Safe query costs with BigQuery
Processing data in BigQuery offers immense power and scalability, but it can also lead to unexpected costs if not managed properly. This recent story from the HTTP Archive community and other cost issues are often shared publicly prove that raising awareness is not enough.
A Costly Human Error
Over the years, I’ve observed numerous instances where a single or looped queries result in abysmal charges of $1,000 or even $10,000+. In one extreme case, I witnessed a bill increase by $163K due to a single costly error. This isn’t just a problem for BigQuery data analysts; engineers working with datasets can also face significant financial consequences due to code bugs. Extensive experience alone doesn’t seem to protect from making a costly mistake.
I’ve also had unpleasant tasks leading investigation and implementing safety measures after substantial cost spikes. Despite being aware of storage and SQL optimizations, human error is inevitable.
This highlights the necessity of implementing cost safety measures regardless of experience level. Over the years, I’ve seen these few simple preventive steps save us from subsequent billing issues. Implementing these steps in advance can protect you from unexpected costs. And it’s the only reliable way regardless of what interfaces are used to access BigQuery.

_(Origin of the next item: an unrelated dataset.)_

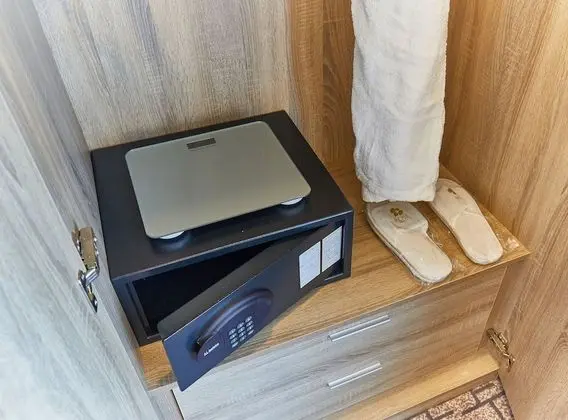 Classic Connecting Room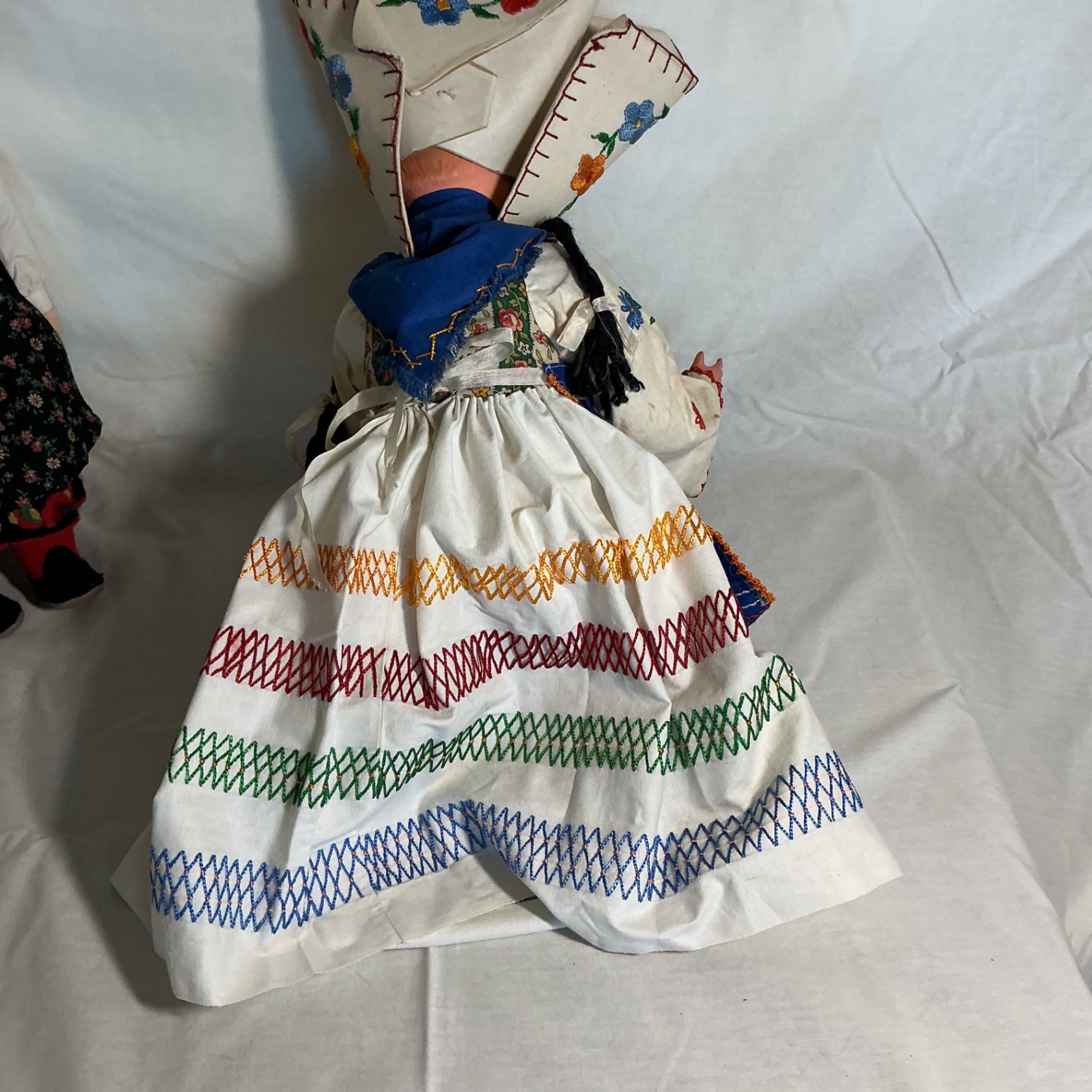 Vintage Dolls in Traditional Folk Costumes - image 3 of 12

Steps to Ensure Cost Safety in BigQuery
1. Set Query Usage Quotas
Prevent excessive query usage by limiting the amount of data that can be processed in a day. Whenever a subsequent query exceeds the quota, it will fail. You can adjust query usage quota values at the project or user level.
Step-by-Step Guide
- In the Google Cloud Console go to API & Services > BigQuery API > Quotas & System Limits.
- Select the quota you want to adjust.
- Click “Edit Quotas” and enter your desired values.
- Submit your changes.
- Return to exploring petabytes of data with peace of mind.

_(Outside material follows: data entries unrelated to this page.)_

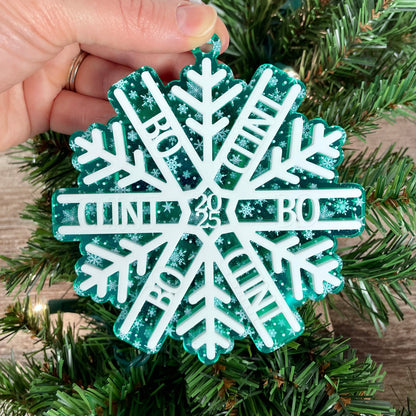 Personalized Snowflake Ornament 2025 – Custom Family Christmas Glitter or Mirror Decoration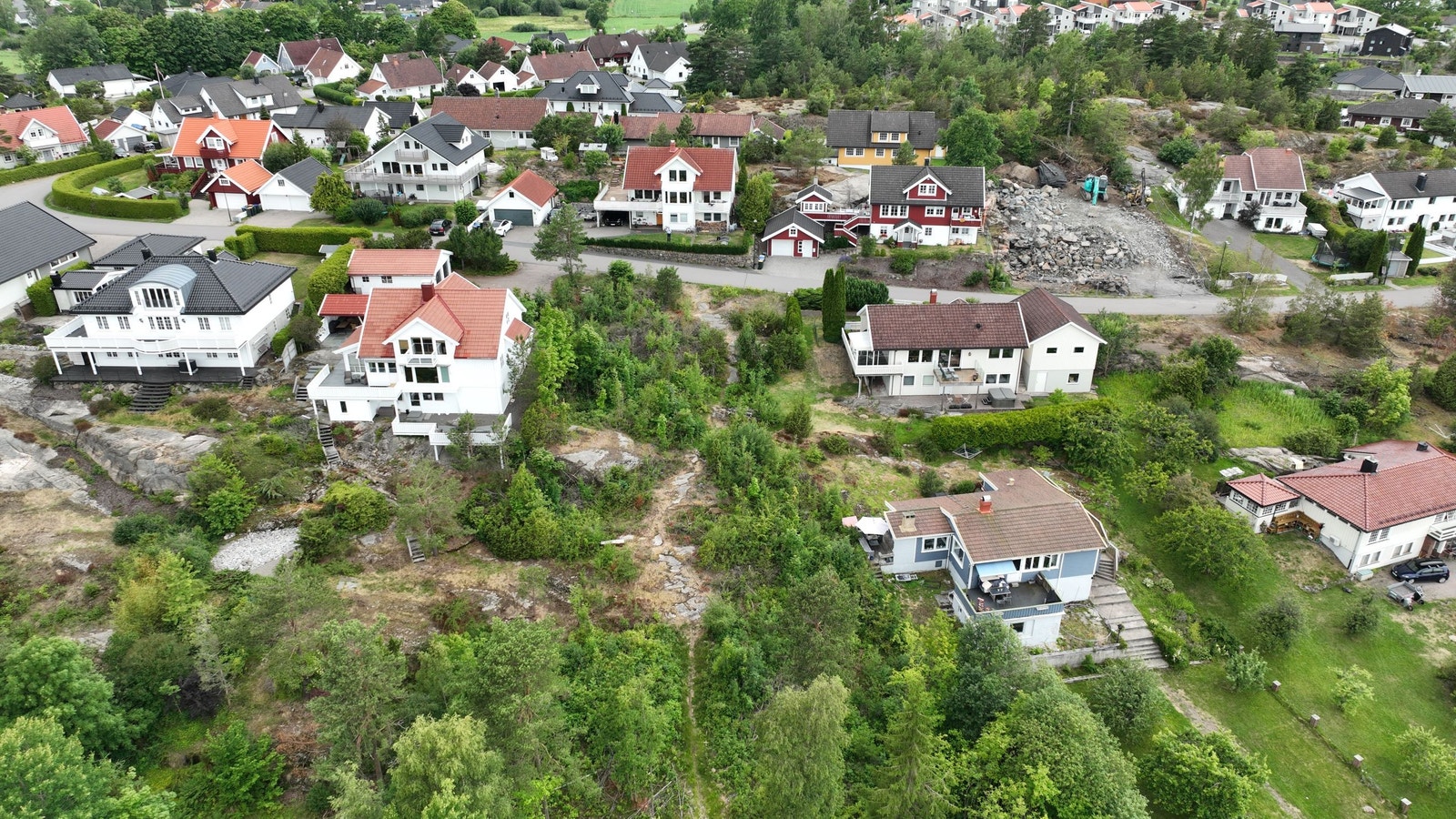 Veumåsen 20 - Oversiktsfoto mot Vest
Noen avstander : Fra Veumåsen 20 til :
Meny Skallestad: 700m.
Oserød barne-og ungdommskole, Barnehave: 1,5 km.
Barnashave - Barnashave : 1 km.
Teie Torv: 5,6 km. / Tønsberg: 7,0 km. Galleribilde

Bring your quota down to 1TB per user per day:
gcloud alpha services quota update --consumer=projects/PROJECT_ID --service=bigquery.googleapis.com --metric=bigquery.googleapis.com/quota/query/usage --unit=1/d/{project}/{user} --value=1048576
What if you’re past 1Tb quota? Check your usage statistics in Log Analytics.

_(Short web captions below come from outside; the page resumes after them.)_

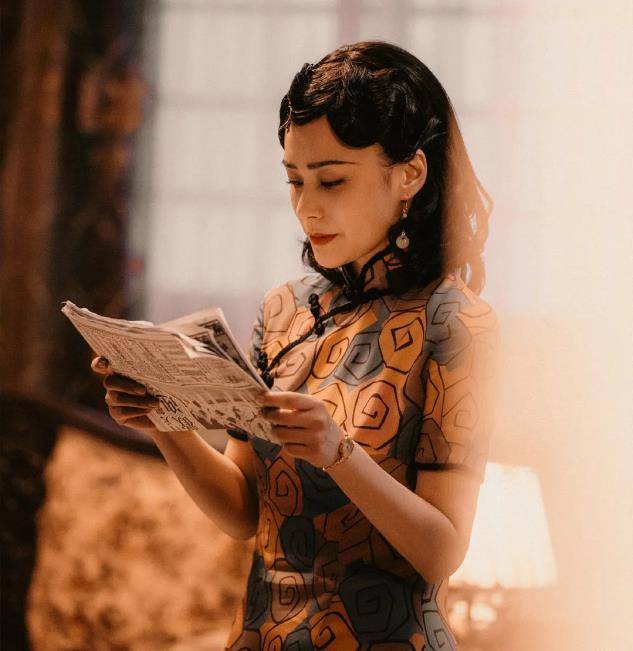 整体 38岁阿娇近照发福,颜值在线看着却老气,和结婚前比状态大变样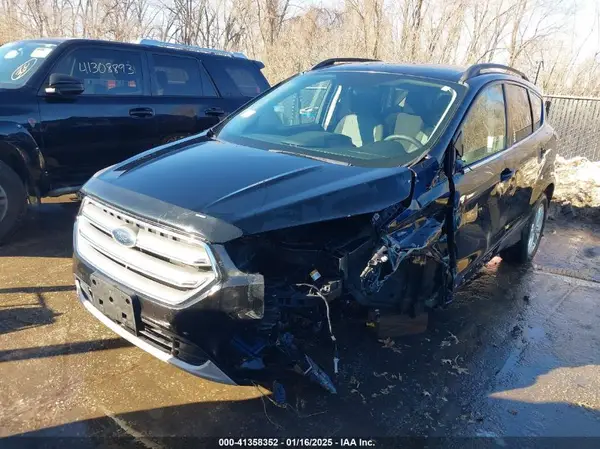1FMCU9GD9HUD24014 2017 FORD ESCAPE - Image 2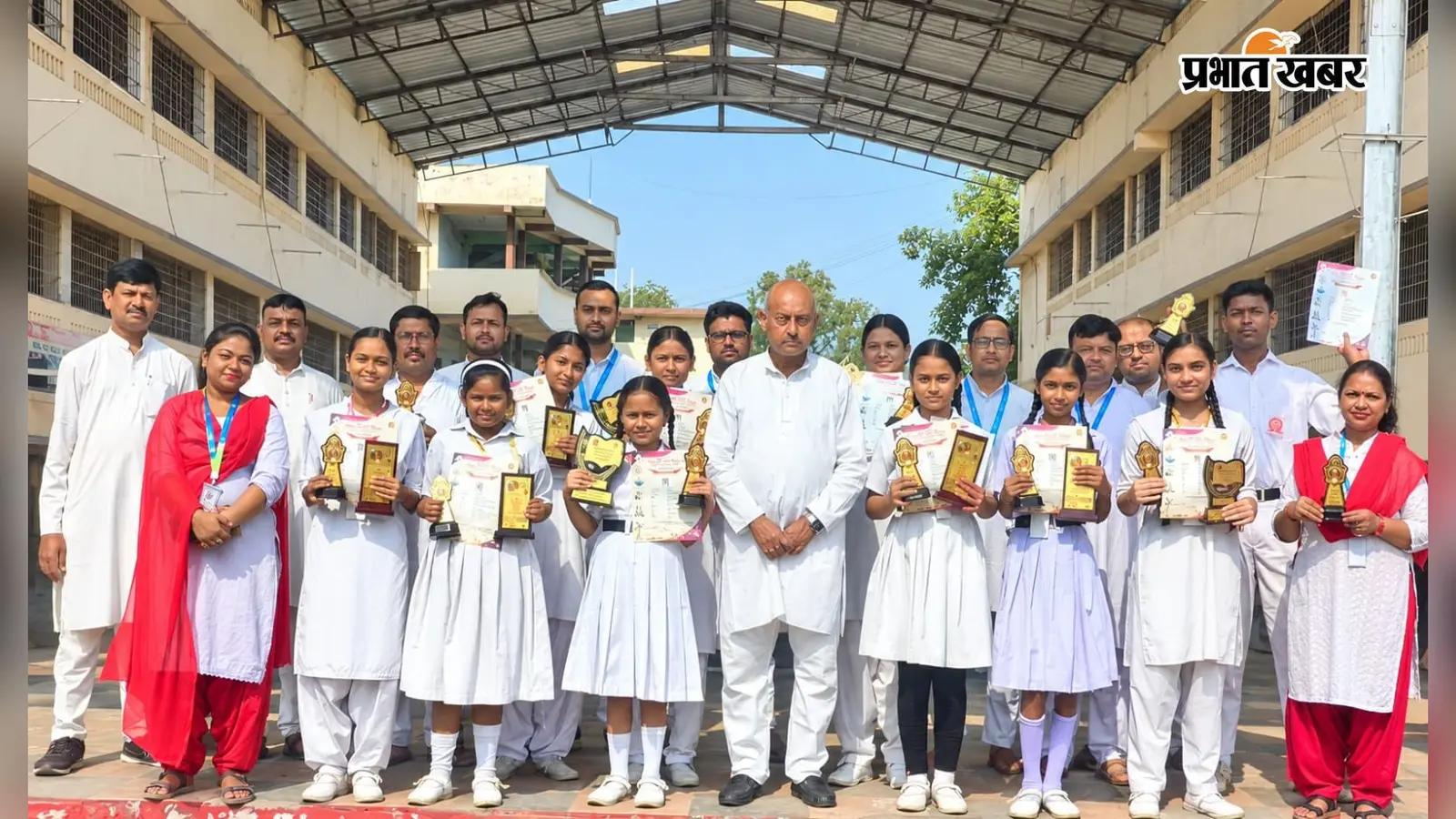 ज्ञान विज्ञान मेले में सरस्वती शिशु मंदिर
श्यामडीह के विद्यार्थियों का शानदार प्रदर्शन, ईशा शर्मा बनीं विजेता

When you configure the Maximum bytes billed parameter in the query settings of the BigQuery Console UI, it mentions a project default setting. However, there is no direct way to set a per-query limit at the project level. The closest alternative is to use API daily quotas to control the maximum bytes billed.
2. Set Up Budget Alerts
Stay aware of your spending trends and get notified before costs spiral out of control. Even though you now have a cap on your daily spend, you may expect that you average daily spend is much lower than that throughout the month.
Step-by-Step Guide
gcloud config set project PROJECT_ID
gcloud billing budgets create --billing-account=BILLING_ACCOUNT --display-name="BigQuery Budget" --filter-services=services/24E6-581D-38E5 --last-period-amount --threshold-rule=percent=0.5,basis=forecasted-spend --threshold-rule=percent=0.9,basis=forecasted-spend --threshold-rule=percent=1,basis=forecasted-spend
Don’t wait till it’s your time to worry about a big bill
No amount of experience safeguards against human error. Implementing usage quotas and budget alerts in BigQuery is essential to prevent costly mistakes. These steps provide a safety net, ensuring that both small and large-scale operations can manage their data processing costs effectively.
For small businesses these measures can help avoid unexpected costs during data processing spikes. By setting a quota, you ensure that no single query or user can bankrupt your budget.
Large enterprises can manage and monitor querying quotas and budgets at the department level. Monitoring spending helps them stay within allocated budgets and avoid financial investigations.
By following these steps, you can avoid the need to seek Google’s forgiveness for an unexpected bill and maintain strict control over your data processing costs.